Es bien conocida la frase de Karl Marx según la cual la historia se repite dos veces, una como tragedia y otra como farsa. Dudo que los cubanos que habitan en la Isla este Período Especial que bien podría llamarse la Era Good Bye Lenin, consideren que es el remake en tiempo de guarachita de aquella Era del Entusiasmo, los años sesenta. El único indicio de que se trata de una farsa es que nadie se la cree, aunque estén obligados a aplaudir durante toda la función. La puesta en escena, en cambio, oscila entre la sordidez y el drama.

Revisar hoy los discursos de décadas pasadas es un acto subversivo. Comparar la felicidad prometida con la miseria real es un ejercicio pavoroso. Incluso el documento fundacional, La historia me absolverá, se ha convertido en material clasificado. En él se habla de democracia, elecciones pluripartidistas, libertades de empresa, expresión, prensa y reunión. Y lo más inquietante: se reivindica el derecho de los ciudadanos a derrocar una tiranía. La historia me absolverá no consta en los catálogos de ninguna librería de La Habana. Su distribución es tan peligrosa como la de la Declaración de los Derechos Humanos. Ambos inducen la temeraria noción de que a los ciudadanos nos asisten diferentes derechos, y ni siquiera se menciona el derecho a la resignación.

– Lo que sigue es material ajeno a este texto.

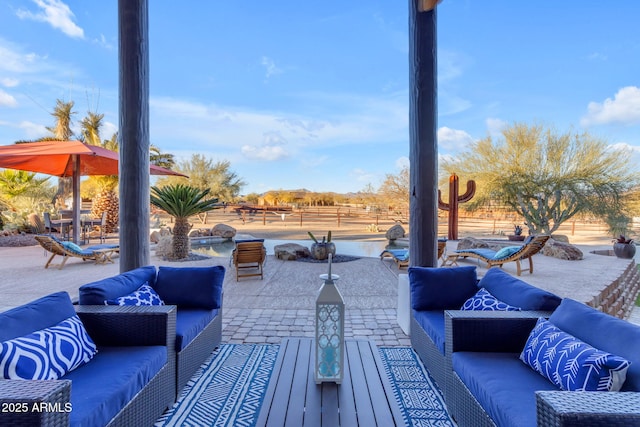 view of patio featuring an outdoor hangout area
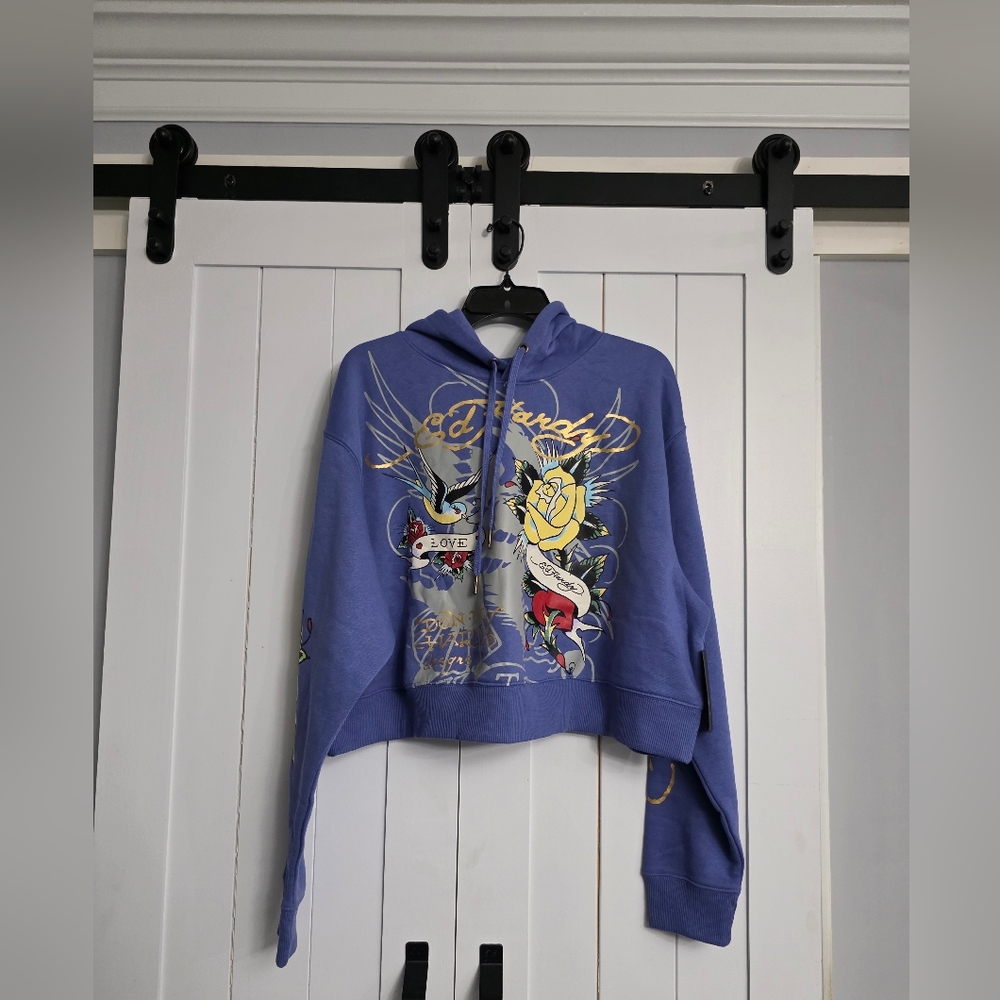 Ed Hardy Brave Eagle Cropped Hoodie - Blue. NEW!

No he leído aún la letra del año, pero ya hay vaticinios en circulación de que este 2010 será el del cambio. Y ojalá que así sea, siempre que cambiemos a mejor. Yo no me atrevería a adelantar una profecía, pero creo imprescindible tomar precauciones contra un remake inevitable: el de la vieja república que entre 1902 y 1958 combinó en dosis variables la epopeya, la tragedia y la farsa. Si los cubanos de mañana no desean que la nueva república se repita como tragedia o como farsa, ni siquiera como epopeya, si aspiran a un país próspero y estable donde vivir no sea un sobresalto cotidiano, deberán adquirir la noción de sus propios derechos, y de que el poder es apenas un gracioso préstamo que conceden los ciudadanos a los políticos. La noción de que la ley es igual para todos y que la única fuente admisible de riqueza es el trabajo, el talento, la creatividad, algo que en cualquier país próspero es un lugar común. Deberán rebasar todos los vicios inducidos por medio siglo de totalitarismo diseñado para convertir a los ciudadanos en súbditos. Sé que existe una extendida incredulidad en cuanto a la capacidad de la población cubana de cambiar los viejos hábitos y hacerse cargo de su propio destino. Yo, en cambio, soy optimista. Creo en el pragmatismo y la agilidad del cubano para reaccionar a nuevas circunstancias; creo en su reserva de laboriosidad y creatividad, en su capacidad de dejar de ser meramente cubanos para convertirse en ciudadanos.